Very Important: This server is not for production use. This is just a simple http service for development and testing

Pandas and MySql with a hit of AWS RDS

Froilan Miranda — Wed, 01 Apr 2020 19:41:50 GMT

Introduction

This article will look at connecting Python and MySQL database. With the help of some sql connection tools, transfering data between Python and MySQL will be simplified. Finally, we will migrate and run the database on a cloud platform

prerequisites

database with some data to work on
aws developer account
python (demo is python3)

Create MySQL Db on AWS RDS

Log in to AWS (https://aws.amazon.com/)
In the Resources section, click DB Instances
In the top right you will find a Create database button, click this
The "Create database" page will take you through setting up the database. Here are the settngs we will use
- Choose a databese ceation method - Standard
- Engine options
  - MySQL
  - Version - Use the version closest to your local version
- Template - Free Tier
- Settings
  - DB instance identifier - give the database a name
  - Master username - create name
  - Master password - create password
- DB instance size - leave default settings
- Storage - leave default settings
- Availability & durability - Do not create a standby instance
- Connectivity - change to publicly available
- Database authentication - Passord authentication
- Additional Configurations - leave defaults

It will take a few minutes to get the database up and running

meanwhile...

Set up virtual environment

Create a directory for the files mkdir sample-mysql-rds and then cd into the newly created directory.
Initialize the virtual environment python3 -m venv ./
Start up the virtual environment source ./bin/activate

import modules

With the virtual environment setup and running we can turn our attention to the modules needed to this demo

modules
- pandas
- sqlalchemy
- PyMySQL
- boto3(optional)

Pandas

pandas is a fast, powerful, flexible and easy to use open source data analysis and manipulation tool, built on top of the Python programming language.

pandas can be installed via pip from PyPI.

pip3 install pandas

SqlAlchemy

SQLAlchemy is the Python SQL toolkit and Object Relational Mapper that gives application developers the full power and flexibility of SQL. SQLAlchemy provides a full suite of well known enterprise-level persistence patterns, designed for efficient and high-performing database access, adapted into a simple and Pythonic domain language.

pip3 install SQLAlchemy

PyMySQL

This package contains a pure-Python MySQL client library

pip3 install PyMySQL

Boto3 (Optional)

Boto3 is the Amazon Web Services (AWS) Software Development Kit (SDK) for Python, which allows Python developers to write software that makes use of services like Amazon S3 and Amazon EC2.

pip3 install boto3

Examine Database

Now that we are finished with the python dependencies. Let's take a moment to review the data we plan to import into the python script. Here, I will be using data about the English Premier League.
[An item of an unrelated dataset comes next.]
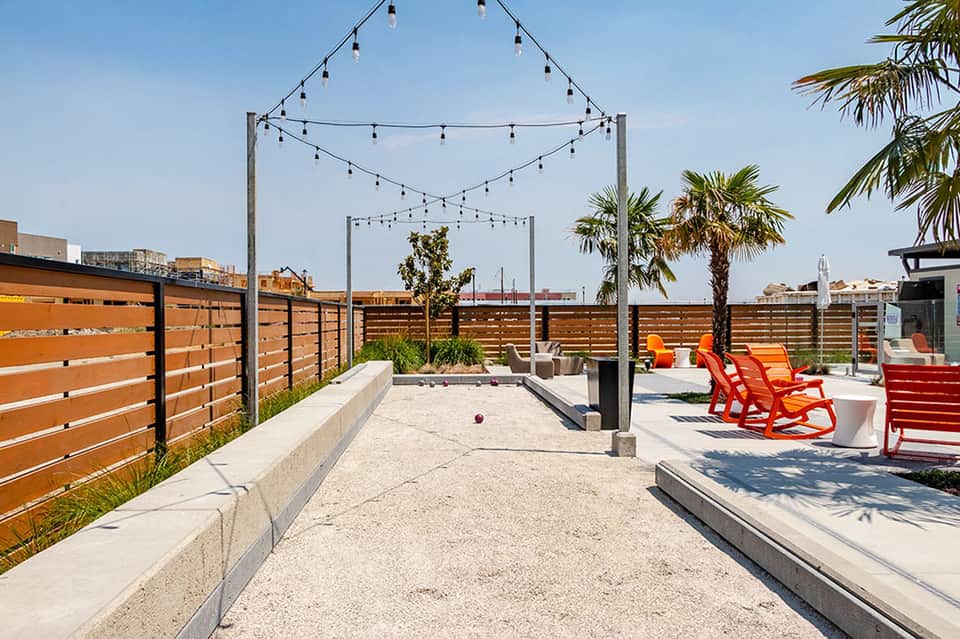 Rooftop deck with string lights, red adirondack chairs, wooden fence, and city views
You can either use a DBMS IDE like DataGrip or MySQL Workbench, or just interface with your database with command line terminal. Make sure the data exist and is available. We will connect to the local database first to make sure everthings is functioning properly and then we will deploy the database to the AWS RDS

Python and MySQl

Now that we have the data store in place and the right modules available to us, it's time to put rubber to the road!

import data from mysql

Create a new Python script

app.py

# (1)
import pandas as pd 
import sqlalchemy
from sqlalchemy import Table, Column, Integer, String, MetaData

# (2)
engine = sqlalchemy.create_engine('mysql+pymysql://username:password@localhost/demo_epl_1819')

First import the pandas and sqlalchemy libraries
Using create_engine() creates an Engine object that can be used to bridge python and a relational database. Let's look at the string parameter that is passed

'mysql+pymysql://username:password@localhost/demo_epl_1819'

mysql = database type
pymysql = sql interpreter for the engine to use
username:password = username and password
@localhost/demo_epl_1819 = database url

table

Here we will look at accessing a MySQL table and reading the data into a dataframe.

app.py

df = pd.read_sql_table('match_results', engine)
print(df.head())
print(type(df))

The read_sql_table() method returns all the records of a MySQL table by passsing the table name and the Engine object created earlier as arguments. Pandas will read all sql table data into a dataframe

query

Queries can also be created to for customization

# create dataframe from sql query result
query_1 = 'SELECT  HomeTeam, AwayTeam, FTR FROM match_results;'
df_query = pd.read_sql_query(query_1, engine)
print(df_query.head())
print(type(df))

read_sql_query() takes a sql statement as a string and an Engine object. This will execute a query on the database and return any values as a pandas dataframe

Write to csv and save to s3 (Optional)

This section will lean on another article we did, where we created an storage service to write and read objects from S3 buckets.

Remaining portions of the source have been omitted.